** Raw data follows **
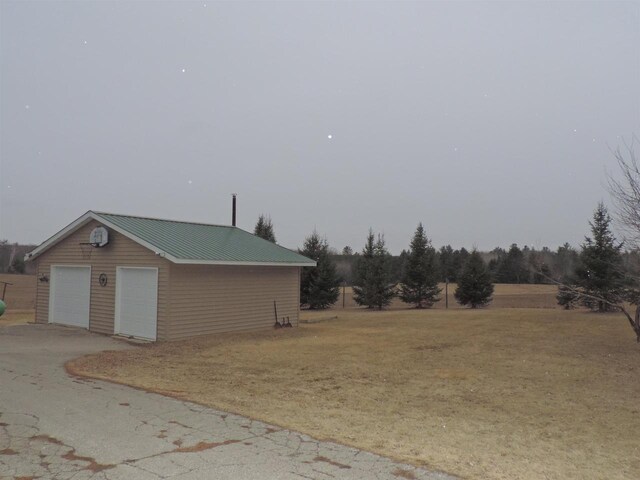 view of yard with a detached garage and an outdoor structure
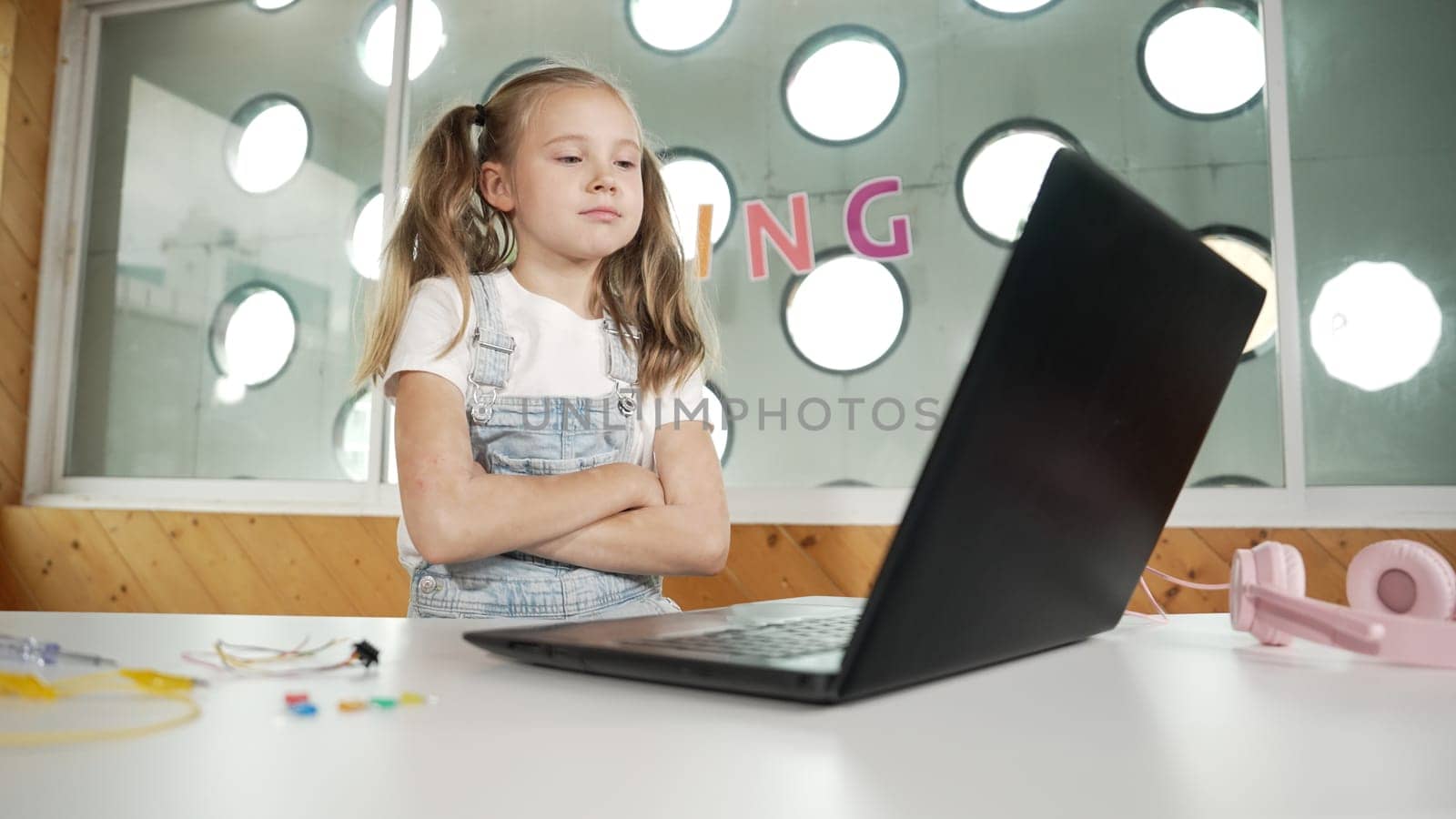 Caucasian girl using laptop programing software while crossing arms with confident to celebrate successful project. Pretty child coding system while looking screen proudly in Stem class. Erudition.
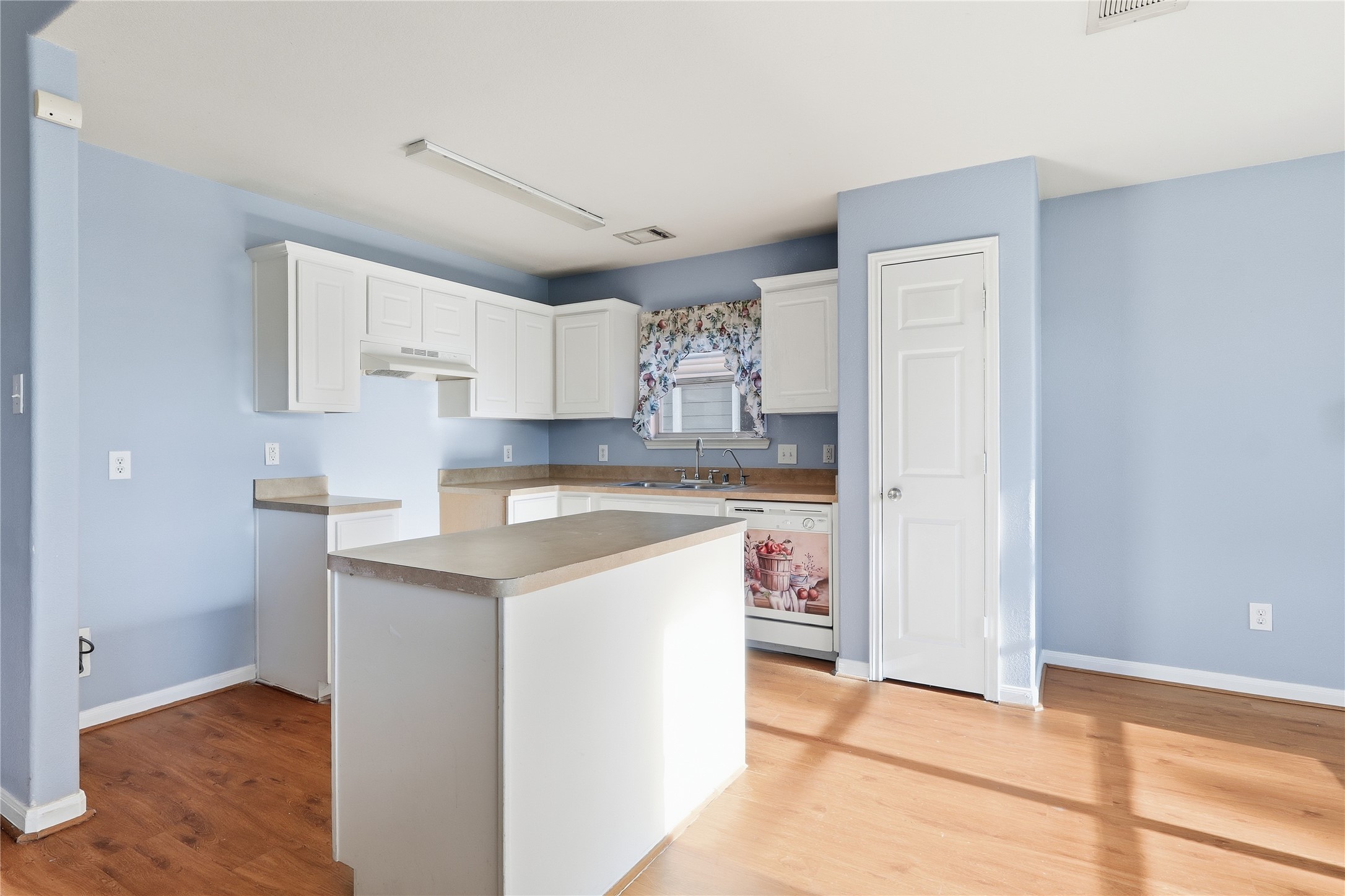 28807 Trinity River Drive Spring, TX 77386 - Photo 8 of 28 a kitchen with granite countertop a sink cabinets and stainless steel appliances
** End of Raw data **
● **Exercise goal**: In the copy, keep every line of the data above exactly and drop each picture.

● **Response to the task**:
 view of yard with a detached garage and an outdoor structure
 Caucasian girl using laptop programing software while crossing arms with confident to celebrate successful project. Pretty child coding system while looking screen proudly in Stem class. Erudition.
 28807 Trinity River Drive Spring, TX 77386 - Photo 8 of 28 a kitchen with granite countertop a sink cabinets and stainless steel appliances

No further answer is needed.